• **Your objective**:
Print only the lines from the one with "Mobile App Terms" through the end of the data, exactly, and please omit pictures.

• **Data to process**:
=-=-=

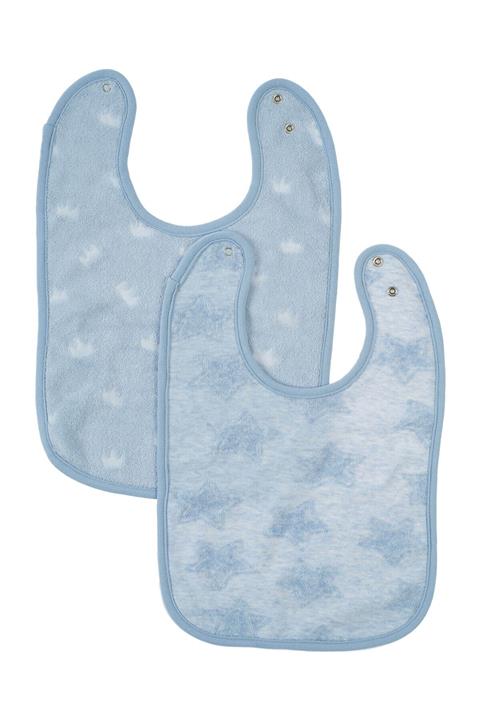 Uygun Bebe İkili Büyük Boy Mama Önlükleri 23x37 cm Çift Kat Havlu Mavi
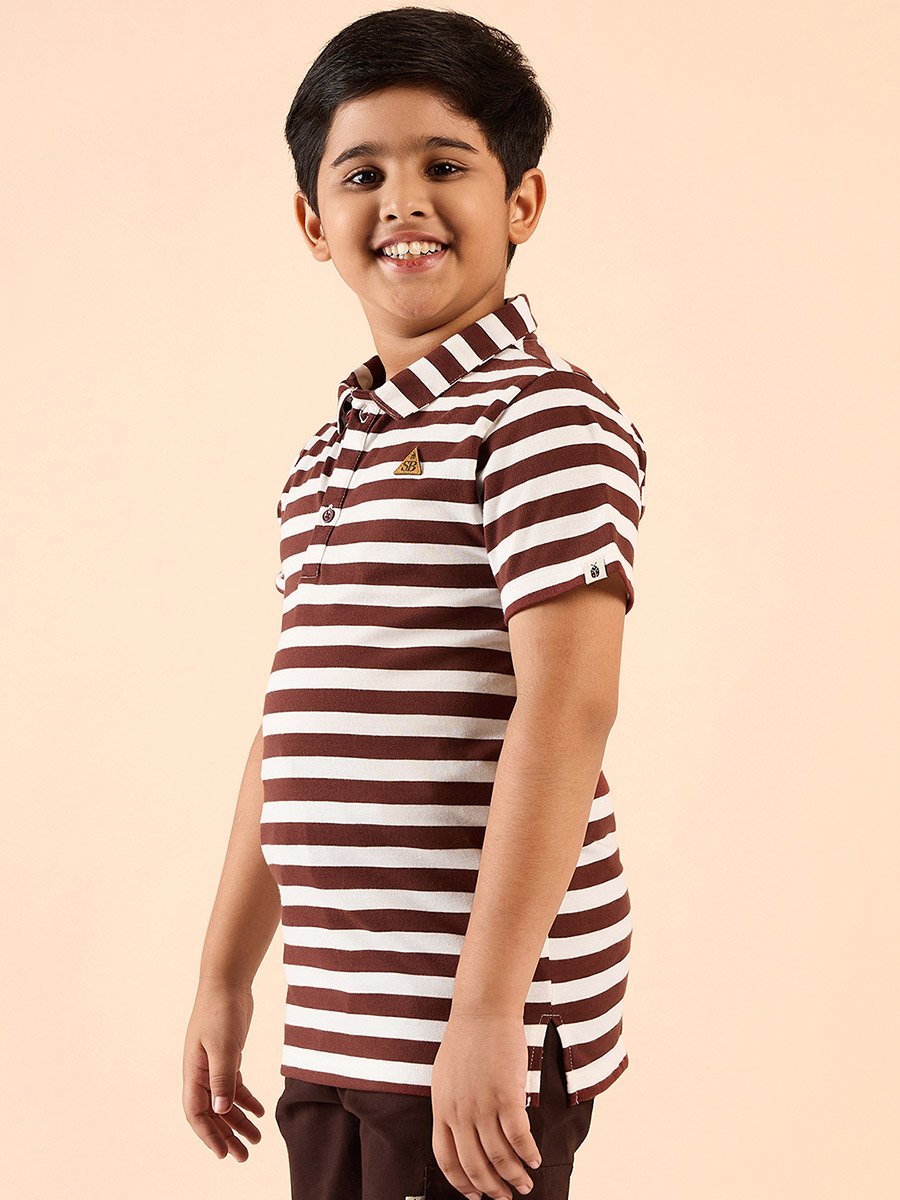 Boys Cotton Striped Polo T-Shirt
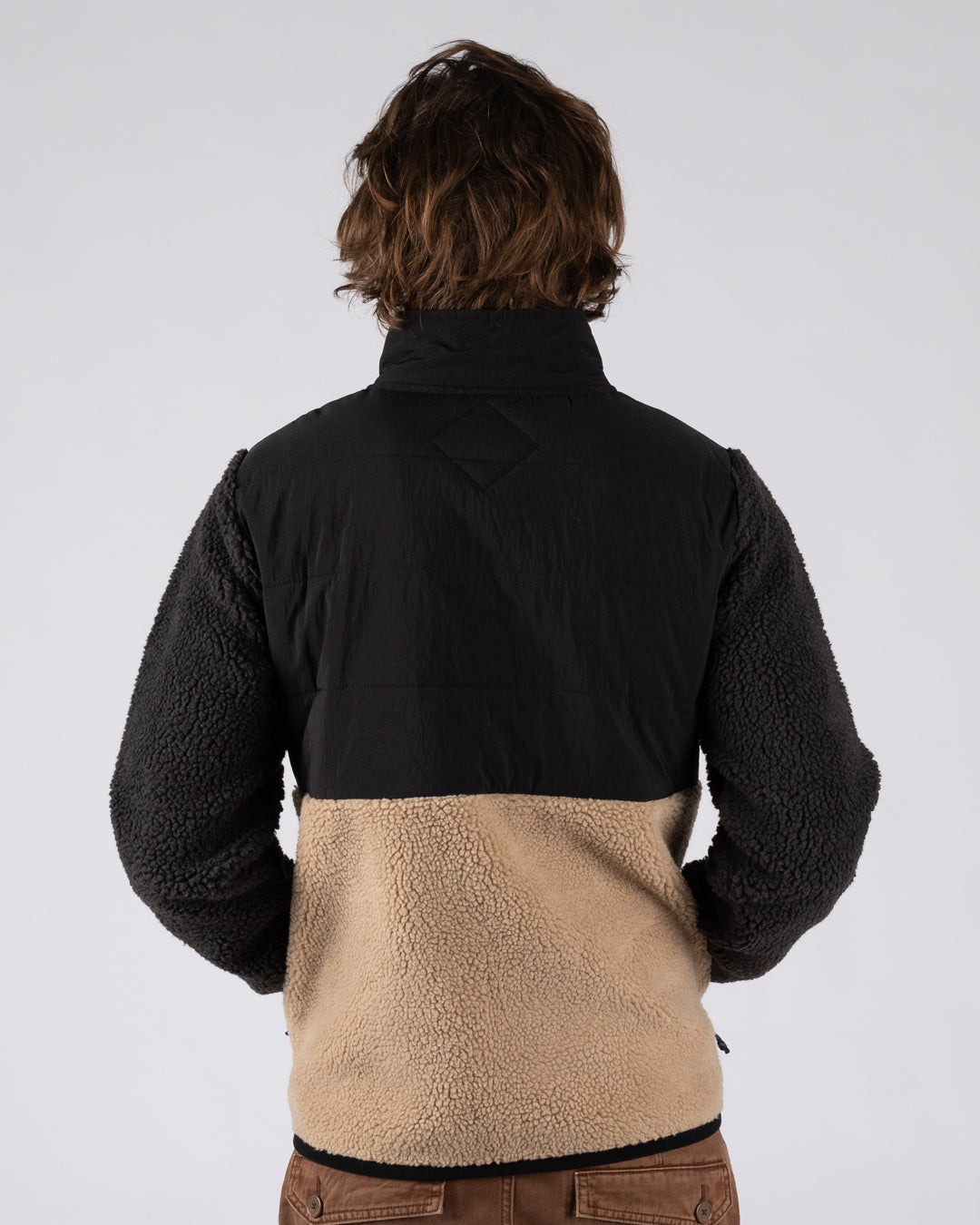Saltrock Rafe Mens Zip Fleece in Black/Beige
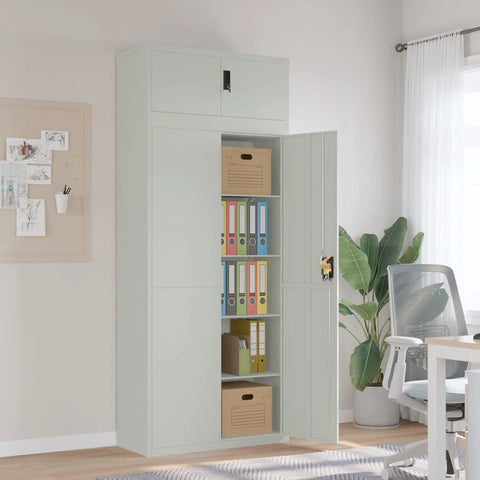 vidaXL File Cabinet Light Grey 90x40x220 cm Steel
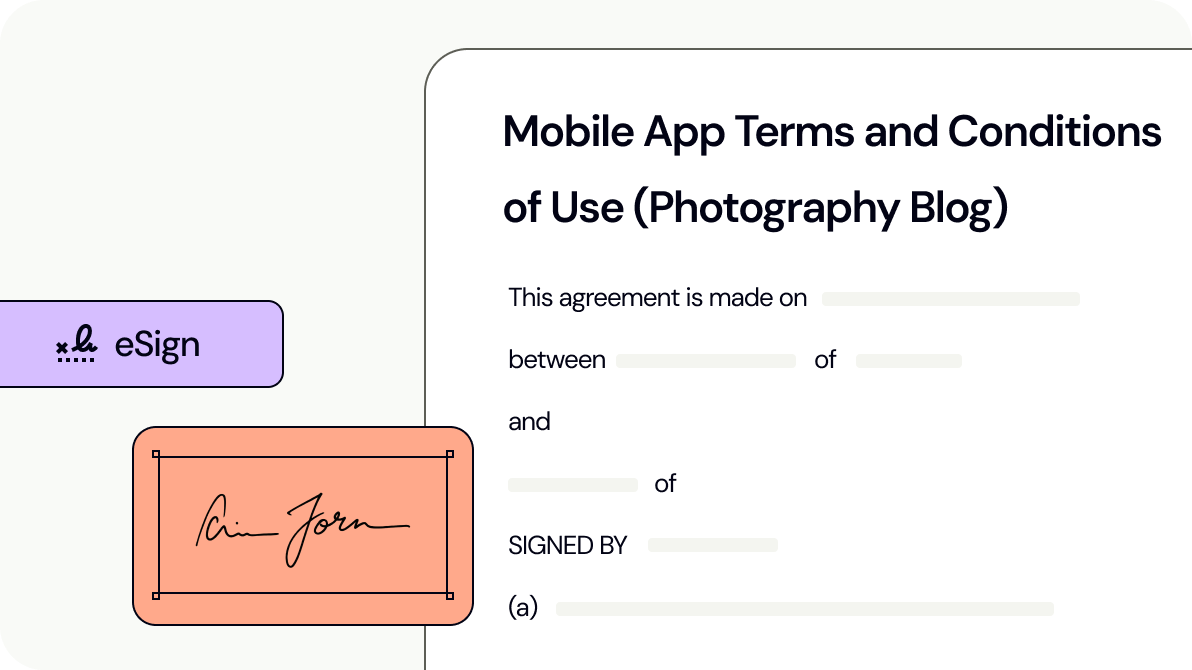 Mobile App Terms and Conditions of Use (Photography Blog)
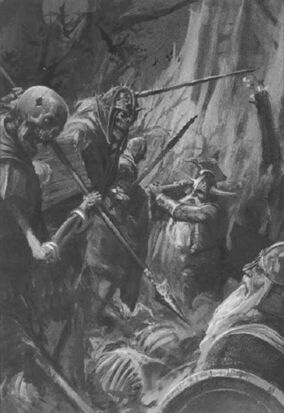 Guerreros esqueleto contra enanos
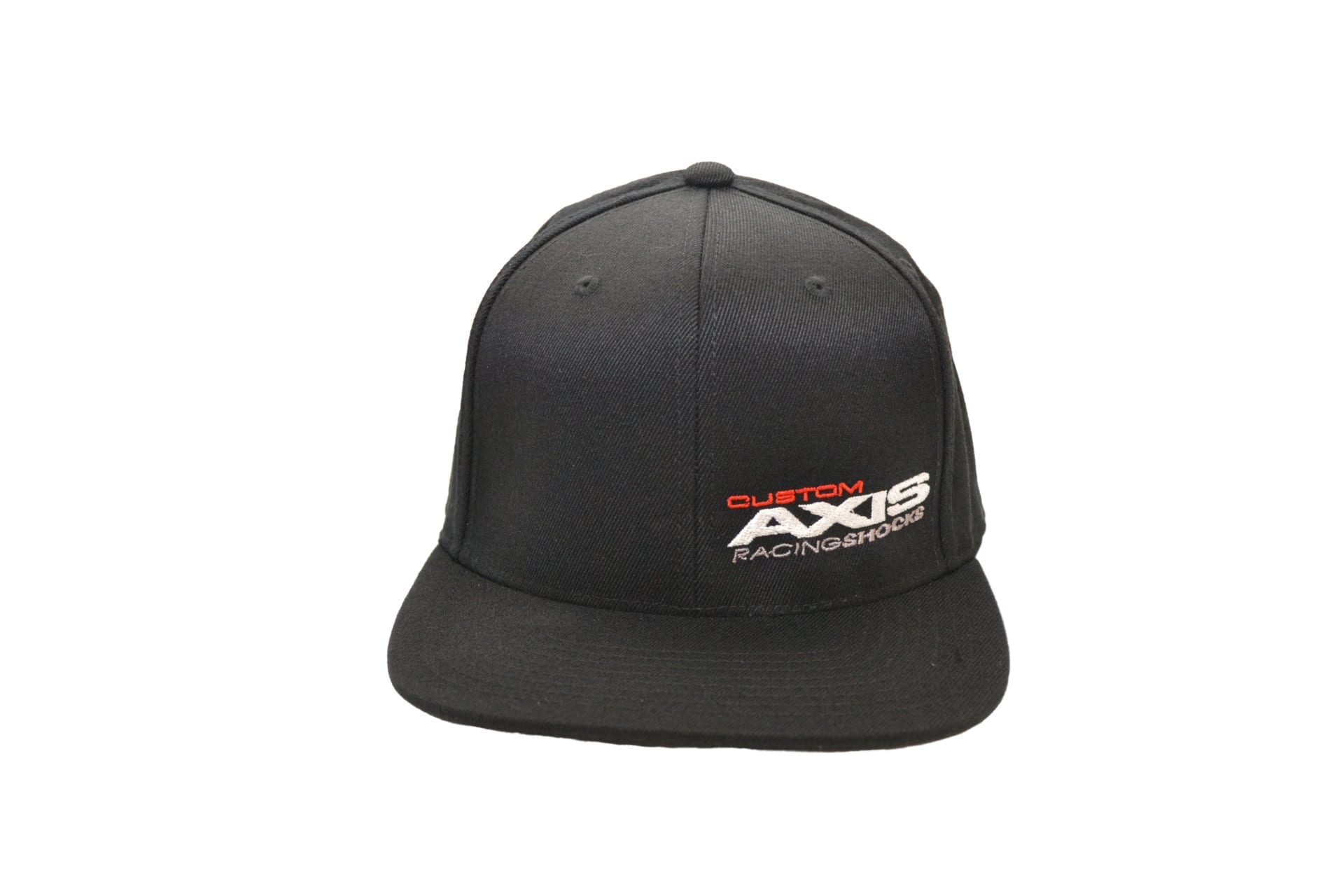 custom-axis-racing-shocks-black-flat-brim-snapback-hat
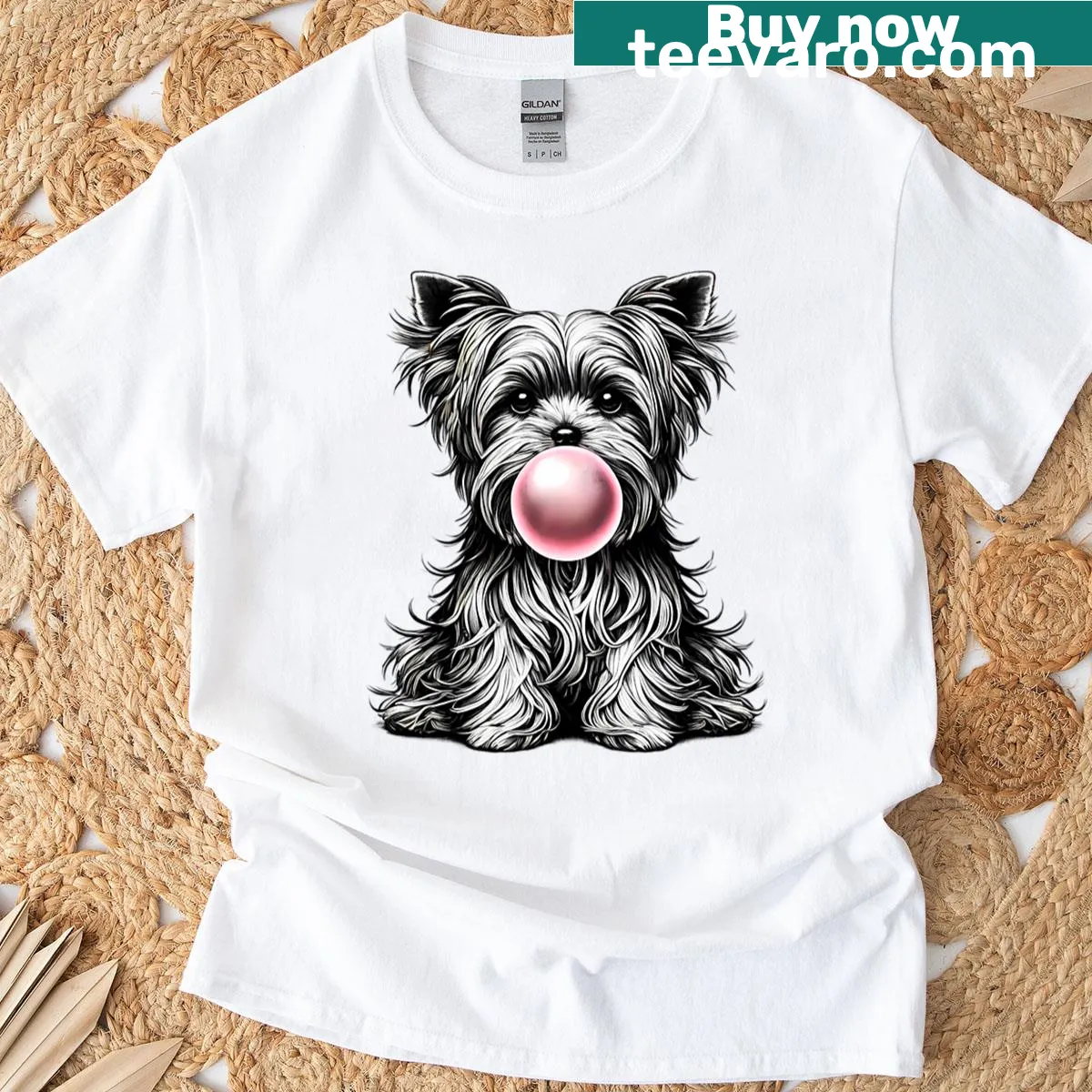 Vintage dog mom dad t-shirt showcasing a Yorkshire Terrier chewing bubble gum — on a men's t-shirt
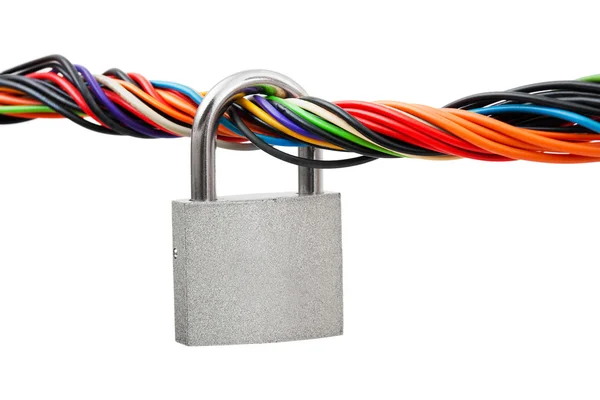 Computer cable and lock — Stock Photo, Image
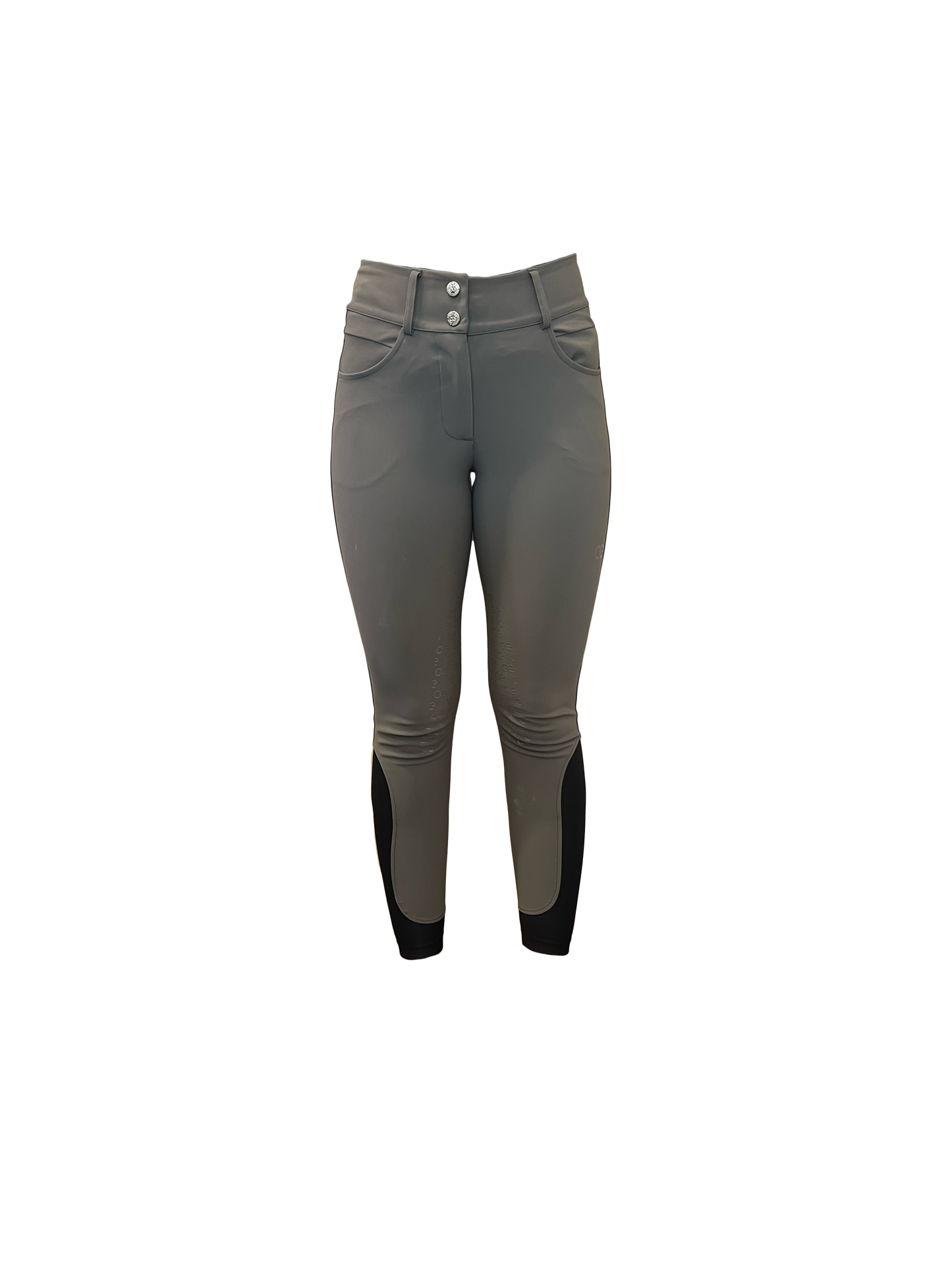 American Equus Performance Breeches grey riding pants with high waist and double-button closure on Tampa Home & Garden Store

=-=-=

• **Written reply**:
 Mobile App Terms and Conditions of Use (Photography Blog)
 Guerreros esqueleto contra enanos
 custom-axis-racing-shocks-black-flat-brim-snapback-hat
 Vintage dog mom dad t-shirt showcasing a Yorkshire Terrier chewing bubble gum — on a men's t-shirt
 Computer cable and lock — Stock Photo, Image
 American Equus Performance Breeches grey riding pants with high waist and double-button closure on Tampa Home & Garden Store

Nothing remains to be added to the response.